The Centre for Teaching, Learning, and Technology at UBC, where I work, has a long history of embracing open practices. We’ve openly licensed most everything on our website since 2014, created and openly shared many different teaching and learning resources, developed and supported open technologies, such as the UBC Wiki or UBC Blogs, which make sharing easy, run workshops on all matters of open pedagogies and resources, contributed code to open code repos, had a dedicated position for open education for many years — the list goes on and on. All of this openness was due to the efforts and heavy lifting of my fantastic colleagues, current and past.

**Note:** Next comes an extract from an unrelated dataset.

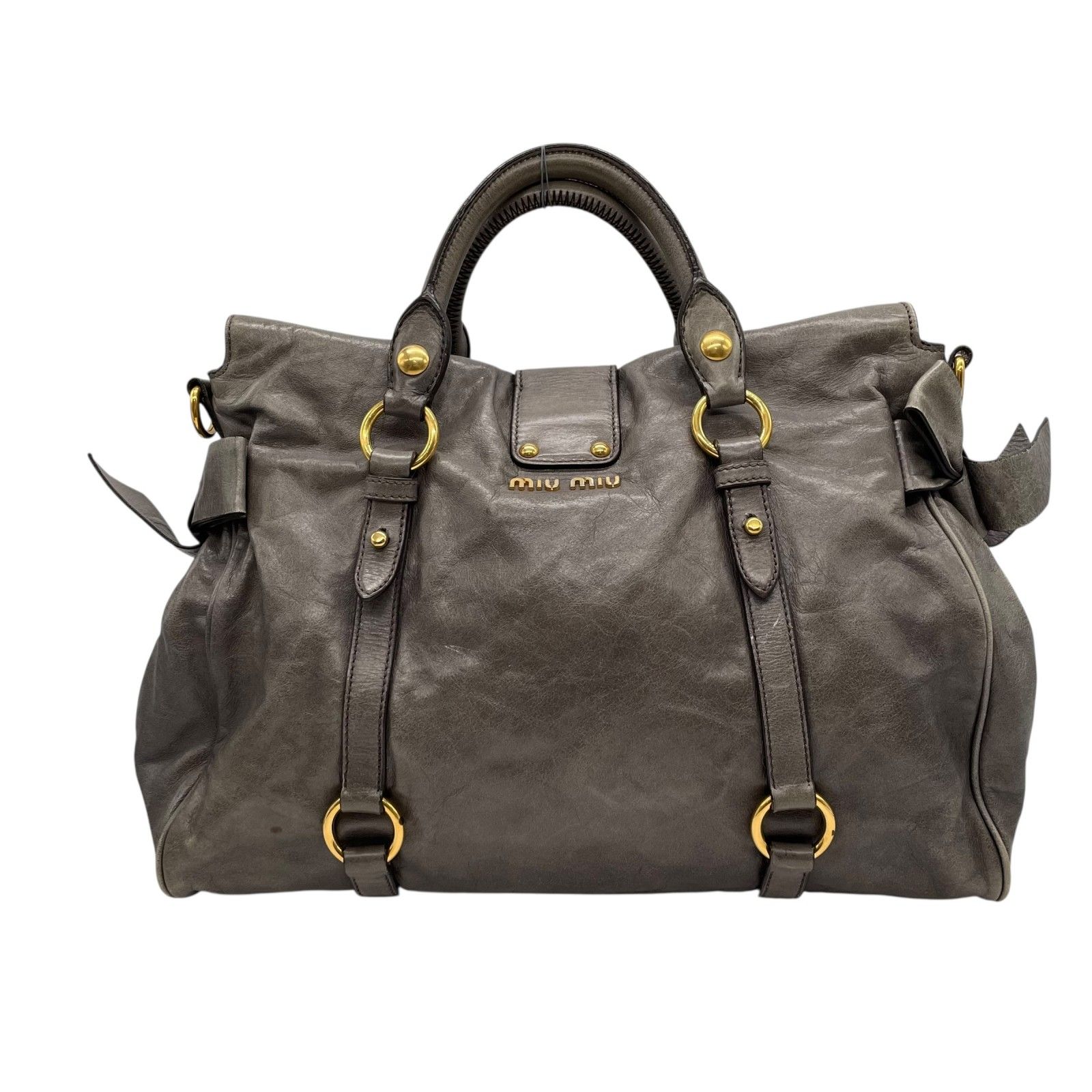 miu miu ミュウミュウ 2WAY ハンドバッグ ショルダーバッグ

This past year my colleague Lucas Wright and myself had the opportunity to pitch a more intentional strategy in this area and this past March, the CTLT Academic Director, Christina Hendricks, posted CTLT’s new Open Access Statement:
At the Centre for Teaching, Learning and Technology, we create open and accessible educational resources, tools, and practices. When we co-create these with faculty, staff, students, and community partners, we encourage public sharing with an open license when agreed upon by all contributors.
I, of course, love this statement and encourage checking out the full post from Christina as it lays out the great work that has already happened at CTLT and the intention to continue and improve upon that work. I also really appreciate the important alignment of open with accessibility. Having intentionality about open, and stating that intentionality as part of a unit’s values, helps ensure that we will always be moving ahead and towards our aspirational goals in this area.